How AI “Sees” a Cat: Pixels, Patterns, and Probability

When you show a cat to a human, we instantly recognise what we see: a living, breathing creature, complete with fur, whiskers, and a certain unmistakable look. Show the same image to an artificial intelligence model, however, and it perceives something very different — a huge grid of numbers.

At its core, a digital image is nothing but pixels: tiny points arranged in a neat grid, with each pixel carrying values for colour and brightness. In a grayscale image, a pixel’s brightness is typically represented by a number between 0 (pure black) and 255 (pure white). Colour images, meanwhile, assign three numbers per pixel — corresponding to red, green, and blue intensities. But regardless of the palette, the principle remains the same: an image, to a machine, is pure data.

When a deep learning model is trained to recognise objects — such as a cat — it does not grasp “catness” in any conceptual sense. Instead, it is trained to detect statistical patterns in these pixel values, across millions of examples.
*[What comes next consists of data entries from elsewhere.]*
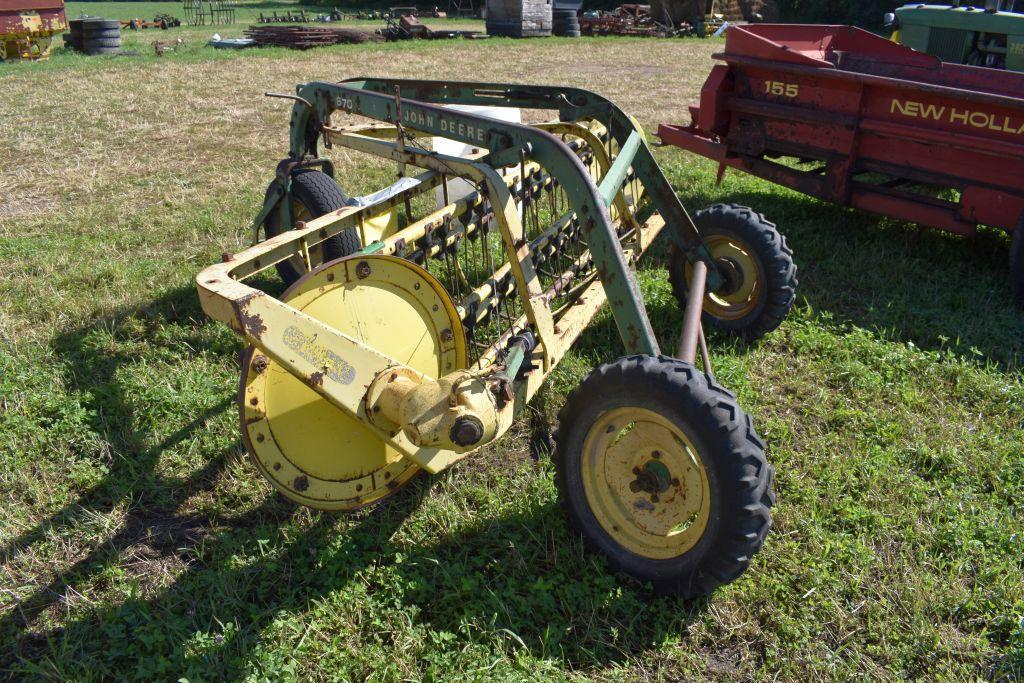 John Deere 670 Hay Rake 5 Bar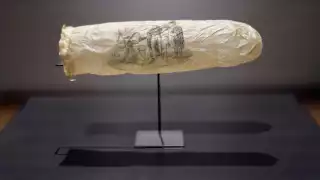El preservativo de 200 años de antigüedad tiene un grabado muy comprometedor.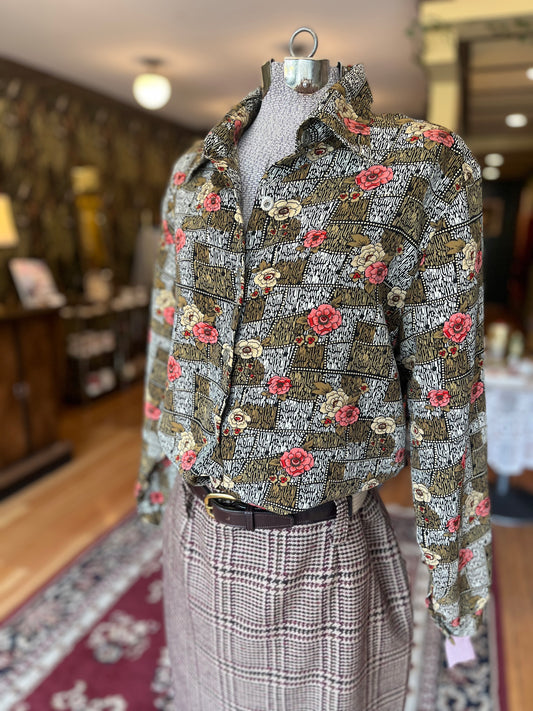 Vintage my fashion print button up top, l/xl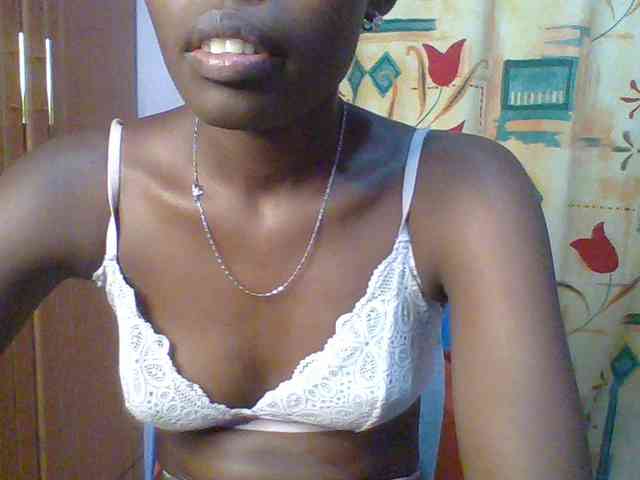 Sweet-petite Sweet-petite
It is crucial to understand that the model never knows what a cat is. It optimises only for pattern recognition — neither for understanding or meaning.

This training process happens inside artificial neural networks, particularly within convolutional neural networks (CNNs), which are specially designed for analysing images. During training, the CNN applies small mathematical operations called convolutions across the pixel grid. These operations are designed to highlight local patterns — small clusters where brightness or colour values change noticeably. A convolution might, for instance, detect an edge where brightness shifts sharply, or a corner where two edges meet.

The AI does not “look” for a cat’s ear or “search” for triangles in any conscious sense.
Instead, it identifies low-level features — such as lines, curves, and regions where pixel values change in consistent, measurable ways.

Higher layers of the network combine these simpler patterns into increasingly complex arrangements. From changes in brightness and texture, the AI builds statistical associations between these feature groupings and known labels, such as “cat”.

If, across countless training examples, certain combinations of edges, curves, and textures frequently correspond with the label “cat”, the model gradually adjusts its internal settings — called weights — to reinforce that association.

It is crucial to understand that the model never knows what a cat is. It optimises only for pattern recognition based on mathematical relationships in the pixel data — neither for understanding or meaning.

When presented with a new image, the AI processes the pixel patterns through these trained filters and predicts, with some probability, whether the arrangement resembles what its experience says is probably a “cat”.

For AI, a cat is not a furry creature. It is a constellation of pixel arrangements, filtered, weighted, and ultimately categorised according to the cold logic of mathematics and probability.